Exercise aim:
Set down exactly the lines that run from the line with "anyone-tennessee-walking-horse" to the end of the data, and nothing else.
━━ Entries shown
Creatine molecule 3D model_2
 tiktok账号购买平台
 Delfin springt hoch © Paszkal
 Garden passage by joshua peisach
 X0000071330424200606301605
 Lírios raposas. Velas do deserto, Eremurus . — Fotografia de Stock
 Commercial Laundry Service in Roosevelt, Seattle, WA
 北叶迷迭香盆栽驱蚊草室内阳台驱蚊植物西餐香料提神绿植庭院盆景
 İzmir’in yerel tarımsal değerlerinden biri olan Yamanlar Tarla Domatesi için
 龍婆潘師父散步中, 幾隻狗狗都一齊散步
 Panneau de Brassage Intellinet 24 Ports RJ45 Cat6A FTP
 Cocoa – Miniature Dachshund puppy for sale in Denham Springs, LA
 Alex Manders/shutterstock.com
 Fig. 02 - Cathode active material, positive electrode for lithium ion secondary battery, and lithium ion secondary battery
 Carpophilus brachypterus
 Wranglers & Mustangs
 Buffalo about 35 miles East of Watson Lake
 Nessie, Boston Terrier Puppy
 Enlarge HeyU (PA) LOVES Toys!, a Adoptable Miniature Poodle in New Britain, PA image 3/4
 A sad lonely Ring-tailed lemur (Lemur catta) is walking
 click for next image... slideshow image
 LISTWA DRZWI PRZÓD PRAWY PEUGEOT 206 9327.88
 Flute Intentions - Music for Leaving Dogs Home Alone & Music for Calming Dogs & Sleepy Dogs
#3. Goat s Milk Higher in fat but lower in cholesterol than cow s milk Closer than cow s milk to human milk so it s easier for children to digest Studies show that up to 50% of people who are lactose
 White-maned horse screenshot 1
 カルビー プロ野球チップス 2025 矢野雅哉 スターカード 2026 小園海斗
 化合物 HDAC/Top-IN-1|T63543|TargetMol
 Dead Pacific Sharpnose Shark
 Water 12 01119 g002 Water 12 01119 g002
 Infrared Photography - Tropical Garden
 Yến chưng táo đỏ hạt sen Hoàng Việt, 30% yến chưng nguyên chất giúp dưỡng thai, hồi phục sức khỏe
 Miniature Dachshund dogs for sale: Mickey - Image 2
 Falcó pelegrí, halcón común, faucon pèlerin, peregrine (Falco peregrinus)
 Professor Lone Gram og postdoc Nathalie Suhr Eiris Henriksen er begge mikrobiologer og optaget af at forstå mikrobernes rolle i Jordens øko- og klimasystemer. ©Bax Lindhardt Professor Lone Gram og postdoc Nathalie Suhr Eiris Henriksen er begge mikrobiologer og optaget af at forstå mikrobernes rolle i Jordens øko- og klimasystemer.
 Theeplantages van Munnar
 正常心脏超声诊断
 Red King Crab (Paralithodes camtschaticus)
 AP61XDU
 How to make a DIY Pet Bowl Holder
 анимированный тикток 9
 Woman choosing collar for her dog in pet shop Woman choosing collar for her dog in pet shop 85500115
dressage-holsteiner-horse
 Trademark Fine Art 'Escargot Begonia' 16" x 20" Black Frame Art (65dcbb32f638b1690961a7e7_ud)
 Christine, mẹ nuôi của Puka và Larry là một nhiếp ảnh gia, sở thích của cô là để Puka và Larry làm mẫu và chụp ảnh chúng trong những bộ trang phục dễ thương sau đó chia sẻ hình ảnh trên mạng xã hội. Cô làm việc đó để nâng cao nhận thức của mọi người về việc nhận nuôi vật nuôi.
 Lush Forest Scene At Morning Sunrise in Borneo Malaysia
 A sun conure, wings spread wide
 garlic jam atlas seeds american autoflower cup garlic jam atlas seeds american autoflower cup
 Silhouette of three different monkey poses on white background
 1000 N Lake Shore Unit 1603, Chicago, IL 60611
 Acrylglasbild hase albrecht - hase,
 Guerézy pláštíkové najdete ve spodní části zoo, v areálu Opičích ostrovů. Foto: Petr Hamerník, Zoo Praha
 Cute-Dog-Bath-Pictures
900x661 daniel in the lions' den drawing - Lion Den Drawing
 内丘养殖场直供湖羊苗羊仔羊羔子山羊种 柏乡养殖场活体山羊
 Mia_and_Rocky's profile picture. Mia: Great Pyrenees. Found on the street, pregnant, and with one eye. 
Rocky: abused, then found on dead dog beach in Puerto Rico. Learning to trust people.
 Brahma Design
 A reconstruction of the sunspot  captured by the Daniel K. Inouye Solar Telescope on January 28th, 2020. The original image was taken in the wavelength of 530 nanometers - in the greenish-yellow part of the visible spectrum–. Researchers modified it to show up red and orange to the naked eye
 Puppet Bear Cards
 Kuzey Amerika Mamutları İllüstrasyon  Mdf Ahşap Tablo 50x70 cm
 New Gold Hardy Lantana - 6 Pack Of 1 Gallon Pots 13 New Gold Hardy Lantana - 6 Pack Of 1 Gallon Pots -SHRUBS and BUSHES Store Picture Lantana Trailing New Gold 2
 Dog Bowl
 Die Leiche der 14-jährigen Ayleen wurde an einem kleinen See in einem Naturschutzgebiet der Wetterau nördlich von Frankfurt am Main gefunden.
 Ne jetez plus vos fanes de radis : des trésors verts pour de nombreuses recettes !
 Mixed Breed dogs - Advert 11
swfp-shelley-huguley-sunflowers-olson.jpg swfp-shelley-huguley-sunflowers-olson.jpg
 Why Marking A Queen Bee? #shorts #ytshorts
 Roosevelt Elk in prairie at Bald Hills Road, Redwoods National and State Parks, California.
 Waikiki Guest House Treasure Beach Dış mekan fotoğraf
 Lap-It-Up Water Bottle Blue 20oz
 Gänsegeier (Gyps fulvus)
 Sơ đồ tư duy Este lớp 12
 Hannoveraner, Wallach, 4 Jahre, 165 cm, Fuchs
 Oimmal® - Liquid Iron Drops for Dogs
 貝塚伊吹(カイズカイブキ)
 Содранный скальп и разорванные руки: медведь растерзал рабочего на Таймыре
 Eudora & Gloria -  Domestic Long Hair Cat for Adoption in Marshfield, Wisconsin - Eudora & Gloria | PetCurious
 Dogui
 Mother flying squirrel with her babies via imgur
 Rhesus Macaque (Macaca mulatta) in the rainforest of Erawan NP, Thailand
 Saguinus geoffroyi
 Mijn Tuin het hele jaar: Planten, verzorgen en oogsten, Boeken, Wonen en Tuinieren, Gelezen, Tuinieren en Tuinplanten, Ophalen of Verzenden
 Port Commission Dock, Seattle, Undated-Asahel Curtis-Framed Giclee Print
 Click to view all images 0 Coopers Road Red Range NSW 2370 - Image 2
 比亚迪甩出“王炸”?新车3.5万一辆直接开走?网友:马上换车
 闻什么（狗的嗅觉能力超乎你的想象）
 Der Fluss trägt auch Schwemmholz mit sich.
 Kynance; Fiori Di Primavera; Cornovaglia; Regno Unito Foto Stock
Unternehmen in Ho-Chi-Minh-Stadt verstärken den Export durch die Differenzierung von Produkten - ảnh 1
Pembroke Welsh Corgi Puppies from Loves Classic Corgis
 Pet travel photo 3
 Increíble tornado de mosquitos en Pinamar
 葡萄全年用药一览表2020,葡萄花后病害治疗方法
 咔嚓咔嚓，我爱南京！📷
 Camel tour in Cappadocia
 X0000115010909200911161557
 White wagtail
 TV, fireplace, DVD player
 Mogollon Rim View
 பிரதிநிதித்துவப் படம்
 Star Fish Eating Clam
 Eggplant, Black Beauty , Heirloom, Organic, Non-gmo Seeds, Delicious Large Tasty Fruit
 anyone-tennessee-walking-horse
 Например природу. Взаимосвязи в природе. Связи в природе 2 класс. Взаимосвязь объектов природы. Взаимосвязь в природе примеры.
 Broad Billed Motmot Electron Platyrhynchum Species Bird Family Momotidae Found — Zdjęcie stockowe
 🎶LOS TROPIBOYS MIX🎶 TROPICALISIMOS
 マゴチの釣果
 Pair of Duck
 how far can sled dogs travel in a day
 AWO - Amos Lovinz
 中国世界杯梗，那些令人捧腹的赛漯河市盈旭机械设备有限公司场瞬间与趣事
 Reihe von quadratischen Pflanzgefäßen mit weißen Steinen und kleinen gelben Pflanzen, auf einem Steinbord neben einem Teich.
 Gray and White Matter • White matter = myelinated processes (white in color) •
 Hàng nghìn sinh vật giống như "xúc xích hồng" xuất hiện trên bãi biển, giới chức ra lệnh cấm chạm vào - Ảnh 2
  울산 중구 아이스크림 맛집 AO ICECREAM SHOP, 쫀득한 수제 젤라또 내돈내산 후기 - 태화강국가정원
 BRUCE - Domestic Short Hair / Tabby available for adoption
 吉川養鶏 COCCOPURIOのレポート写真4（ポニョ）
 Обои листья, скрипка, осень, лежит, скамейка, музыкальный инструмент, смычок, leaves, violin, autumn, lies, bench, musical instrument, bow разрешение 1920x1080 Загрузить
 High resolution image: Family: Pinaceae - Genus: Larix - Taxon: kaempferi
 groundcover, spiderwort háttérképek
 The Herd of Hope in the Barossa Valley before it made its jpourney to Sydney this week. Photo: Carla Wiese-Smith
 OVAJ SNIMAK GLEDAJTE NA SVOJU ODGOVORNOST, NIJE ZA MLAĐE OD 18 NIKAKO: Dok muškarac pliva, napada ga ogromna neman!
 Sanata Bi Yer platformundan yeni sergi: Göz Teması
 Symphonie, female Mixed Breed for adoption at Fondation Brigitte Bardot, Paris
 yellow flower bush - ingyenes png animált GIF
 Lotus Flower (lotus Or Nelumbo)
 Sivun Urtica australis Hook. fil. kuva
━━━━
Response:
 anyone-tennessee-walking-horse
 Например природу. Взаимосвязи в природе. Связи в природе 2 класс. Взаимосвязь объектов природы. Взаимосвязь в природе примеры.
 Broad Billed Motmot Electron Platyrhynchum Species Bird Family Momotidae Found — Zdjęcie stockowe
 🎶LOS TROPIBOYS MIX🎶 TROPICALISIMOS
 マゴチの釣果
 Pair of Duck
 how far can sled dogs travel in a day
 AWO - Amos Lovinz
 中国世界杯梗，那些令人捧腹的赛漯河市盈旭机械设备有限公司场瞬间与趣事
 Reihe von quadratischen Pflanzgefäßen mit weißen Steinen und kleinen gelben Pflanzen, auf einem Steinbord neben einem Teich.
 Gray and White Matter • White matter = myelinated processes (white in color) •
 Hàng nghìn sinh vật giống như "xúc xích hồng" xuất hiện trên bãi biển, giới chức ra lệnh cấm chạm vào - Ảnh 2
  울산 중구 아이스크림 맛집 AO ICECREAM SHOP, 쫀득한 수제 젤라또 내돈내산 후기 - 태화강국가정원
 BRUCE - Domestic Short Hair / Tabby available for adoption
 吉川養鶏 COCCOPURIOのレポート写真4（ポニョ）
 Обои листья, скрипка, осень, лежит, скамейка, музыкальный инструмент, смычок, leaves, violin, autumn, lies, bench, musical instrument, bow разрешение 1920x1080 Загрузить
 High resolution image: Family: Pinaceae - Genus: Larix - Taxon: kaempferi
 groundcover, spiderwort háttérképek
 The Herd of Hope in the Barossa Valley before it made its jpourney to Sydney this week. Photo: Carla Wiese-Smith
 OVAJ SNIMAK GLEDAJTE NA SVOJU ODGOVORNOST, NIJE ZA MLAĐE OD 18 NIKAKO: Dok muškarac pliva, napada ga ogromna neman!
 Sanata Bi Yer platformundan yeni sergi: Göz Teması
 Symphonie, female Mixed Breed for adoption at Fondation Brigitte Bardot, Paris
 yellow flower bush - ingyenes png animált GIF
 Lotus Flower (lotus Or Nelumbo)
 Sivun Urtica australis Hook. fil. kuva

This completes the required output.